Offense remains the Jaguars' trouble spot, but, oh, that defense. Are we seeing the reincarnation of the 2000 Baltimore Ravens?

"It won't be like that. I promise you that," quarterback Byron Leftwich said, referring to a Ravens team that won the Super Bowl despite not having scored a touchdown in six games that season.

Coach Jack Del Rio wasn't making any promises, other than the Jaguars will continue their efforts to improve an offense that was 29th in the league in scoring last season and is off to a slow start in this year's preseason.

Leftwich and company produced only two first downs in Saturday night's 27-17 win over the Miami Dolphins in the Jaguars' preseason opener at Alltel Stadium. When Leftwich retired to the bench with 10 minutes to play in the second quarter, he had been sacked four times and had completed just three of seven passes for a mere 32 yards.

"Any time you get harassed like that the timing is going to be off and you're not going to throw it and catch as you like," Del Rio said.

What was the problem?

"There were some (blocking) assignment errors, which we will clean up. We've not been a team that gives up a lot of sacks and that's not going to change," Del Rio added.

David Garrard replaced Leftwich at quarterback in the second quarter and Garrard got a touchdown on a pass that deflected off Reggie Williams' hands and into Ernest Wilford's, but that wasn't exactly a high moment for the offense, either, unless you factor in Wilford's hustle. Del Rio did.

Then there was the matter of a dropped pass by star wide receiver Jimmy Smith, who has been experiencing a rare rash of drops this summer.

"Jimmy's a professional. He's been a good player for a long time.
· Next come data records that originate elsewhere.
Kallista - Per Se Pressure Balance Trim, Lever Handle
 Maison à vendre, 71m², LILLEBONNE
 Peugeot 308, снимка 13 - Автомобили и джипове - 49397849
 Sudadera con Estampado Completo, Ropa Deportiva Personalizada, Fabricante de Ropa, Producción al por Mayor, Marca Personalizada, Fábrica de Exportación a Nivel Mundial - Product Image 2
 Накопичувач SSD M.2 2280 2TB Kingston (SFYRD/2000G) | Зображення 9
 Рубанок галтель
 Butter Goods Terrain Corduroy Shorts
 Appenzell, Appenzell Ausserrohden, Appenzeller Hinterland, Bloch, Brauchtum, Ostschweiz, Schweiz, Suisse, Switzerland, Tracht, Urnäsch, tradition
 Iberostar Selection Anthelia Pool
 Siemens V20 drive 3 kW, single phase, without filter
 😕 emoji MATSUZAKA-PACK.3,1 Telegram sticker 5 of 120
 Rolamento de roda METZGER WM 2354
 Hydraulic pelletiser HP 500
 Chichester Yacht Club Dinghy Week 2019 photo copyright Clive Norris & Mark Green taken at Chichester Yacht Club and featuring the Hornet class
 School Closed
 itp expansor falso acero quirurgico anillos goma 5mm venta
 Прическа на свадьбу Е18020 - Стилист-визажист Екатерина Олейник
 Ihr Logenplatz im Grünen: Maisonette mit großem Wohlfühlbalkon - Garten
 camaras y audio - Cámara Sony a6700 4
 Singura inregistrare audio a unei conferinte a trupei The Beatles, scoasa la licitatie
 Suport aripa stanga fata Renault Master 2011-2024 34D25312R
I don't think he'd be happy he had a drop," Del Rio said.

It was Quinn Gray and the third-team offense that was most productive. Gray marched the Jaguars 80 yards in five plays in the fourth quarter, Gray capping the drive with a five-yard touchdown pass to first-round draft choice Matt Jones, who caught three passes for 45 yards.

The big play in the drive was a 48-yard reception by rookie wide receiver Chad Owens, who caught the ball as it deflected off the Miami defensive back.

Meanwhile, the Jaguars defense played up to expectations. It held the Dolphins to a harmless 110 yards of total offense in the first half, as the Jaguars moved out to a 14-3 lead. It wasn't until the game was out of reach at 27-3 that the Dolphins offense did any damage.

"Winning is great and that's what we're about," Del Rio said when asked if his Jaguars reminded him of the 2000 Ravens, for which Del Rio was the linebackers coach. "They don't give you an asterisk if it's by more points. They just give you a W or an L. We're doing what we can on offense. We want to be solid in all three phases."

The Jaguars were certainly solid in the special teams phase against the Dolphins. Veteran David Allen opened the scoring with a 76-yard touchdown return of a Matt Turk punt in the first quarter, and Josh Scobee and Seth Marler converted chip-shot field-goal attempts in the third quarter.

"We didn't turn the ball over and we got some takeaways," Del Rio said, referring to a fumble recovery by linebacker Tony Gilbert and an interception by cornerback Chris Thompson. "We were better on third down and we were strong on defense on third down.

"All the backs ran hard. Some of the young wide-outs really showed up," he said.

But offense remains the fly in the Jaguars' ointment.

"It's way too early to panic," Leftwich said.